John Pike, a military expert with GlobalSecurity.org, says the Ranger's interpretation of events—in the Barraza and Brehm deaths, anyway—are certainly debatable. Pike acknowledges he doesn't know the full details of the entry order, "but that seems to me to be a command judgment."
But he says the experience of the Rangers is not unusual. "It continues to be the case that a significant fraction of the Americans who die in Iraq die due to accidents." Similarly, he notes, "There were more U.S. service members killed in accidents than were killed in action during the first Gulf War back in 1991." The latest figures show that of 3,750 U.S. fatalities in Iraq, 670 are considered nonhostile or accidental. In the first days of the war in 2003, accidental deaths actually exceeded hostile deaths, Army figures show.
The two Fort Lewis Ranger deaths (besides Tillman and Libby) that are officially recognized as accidental occurred during training exercises at Fort Lewis. In 2005, Pfc. Blake Samodell, 24, a Ranger from Davenport, in Eastern Washington, was killed in a nighttime static-line airborne jump when the parachutes of two other Rangers became entangled and the soldiers dropped onto Samodell's open chute, witnesses said. All three fell to the drop zone and were critically injured; Samodell later died from a skull fracture.

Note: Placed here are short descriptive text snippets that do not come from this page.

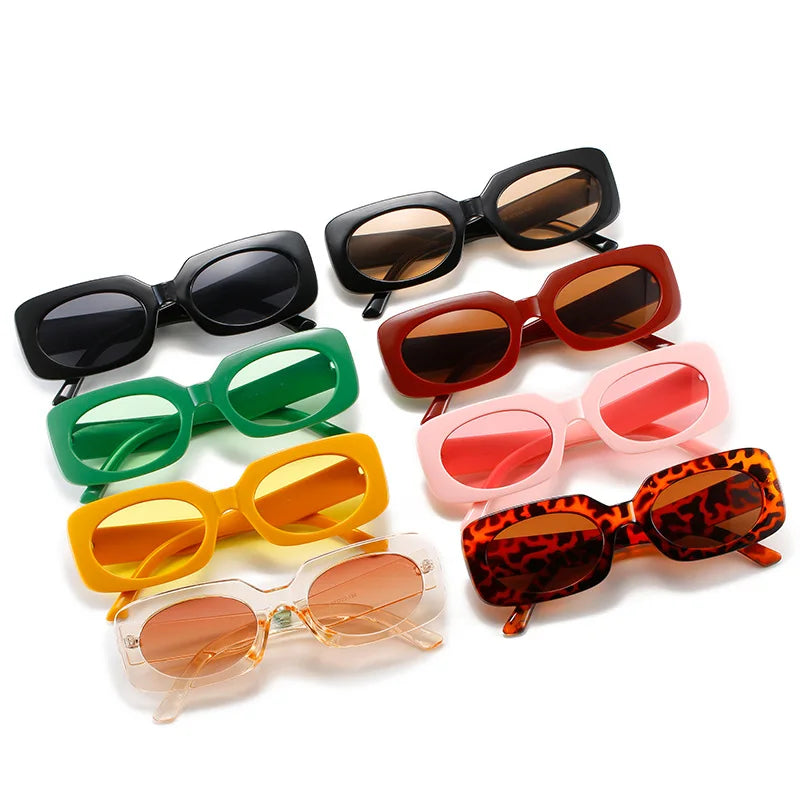 2022 New Candy Color Plastic Small square Frame Sun Glasses Retro Fashion Ins Personality Trendy Sunglasses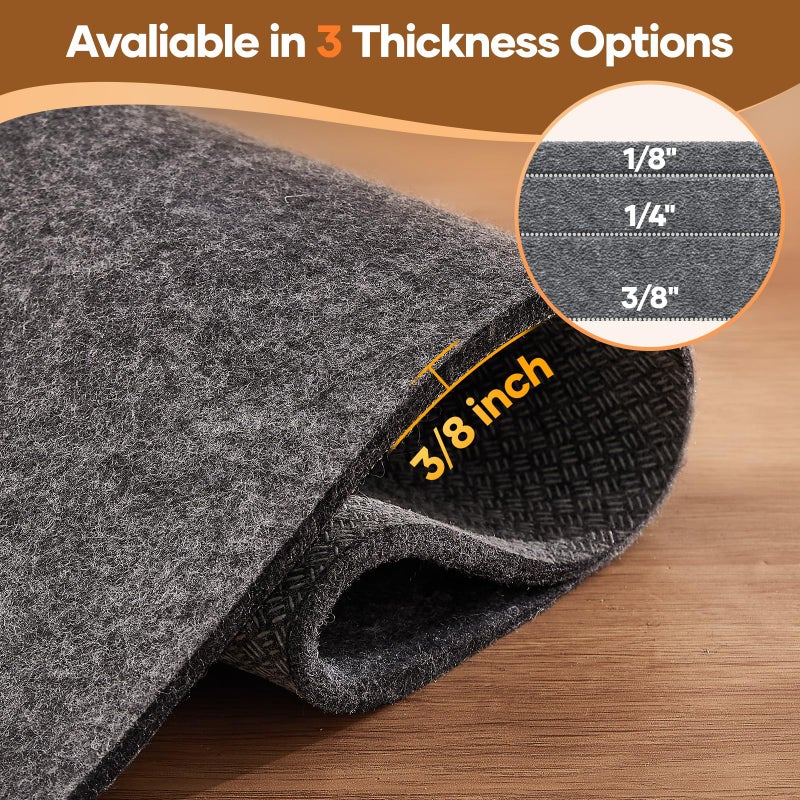 Veken Non Slip Cushioned Rug Pad Gripper 8 x 10 Ft, Felt and Silicone Backing, 3/8 inch Thick Carpet Liner for Hardwood Floors and Finishes, Under Area Rugs Anti Skid Mat, Keep Rugs Safe and in Place - Image 4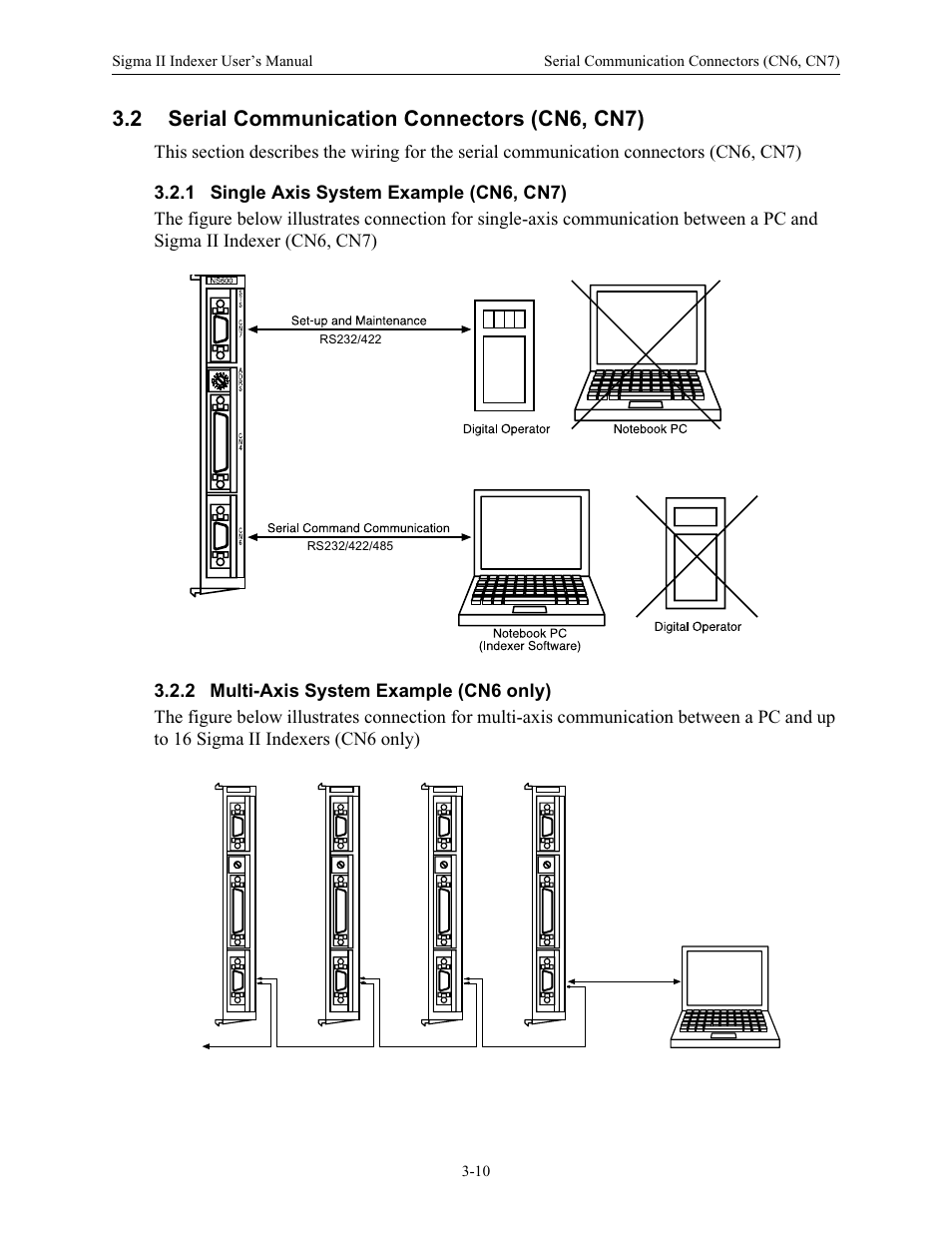 2 serial communication connectors (cn6, cn7), 1 single axis system example (cn6, cn7), 2 multi-axis system example (cn6 only) | Up to 16 axes total | Yaskawa Sigma II Indexer User Manual | Page 37 / 227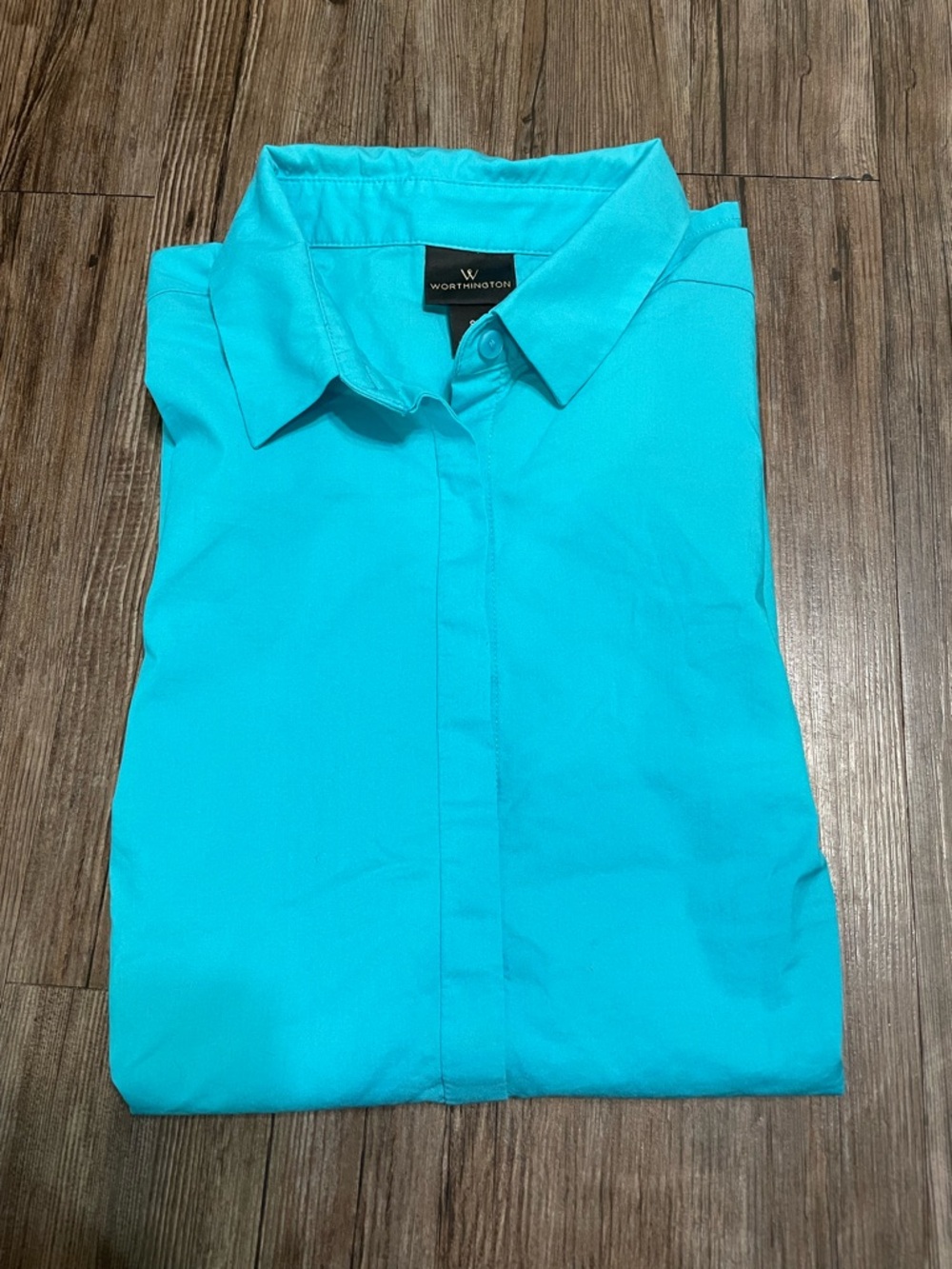 Worthington Women’s Bright Turquoise Casual Button-Down Shirt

In 2004, Pfc. Devin Peguero, 20, of California, was shot by another soldier in a live-fire training exercise. The Army never announced details of the incident. But the Ranger who spoke with the Weekly says "a number of targets were [accidentally] misplaced, allowing Rangers going through the range to fire into an area where other Rangers were recovering and practicing for their next iteration [sequence]," killing Peguero with a bullet to the neck.
There's a reason why the public isn't informed of some of these details, he adds. "We are never allowed to talk to the media."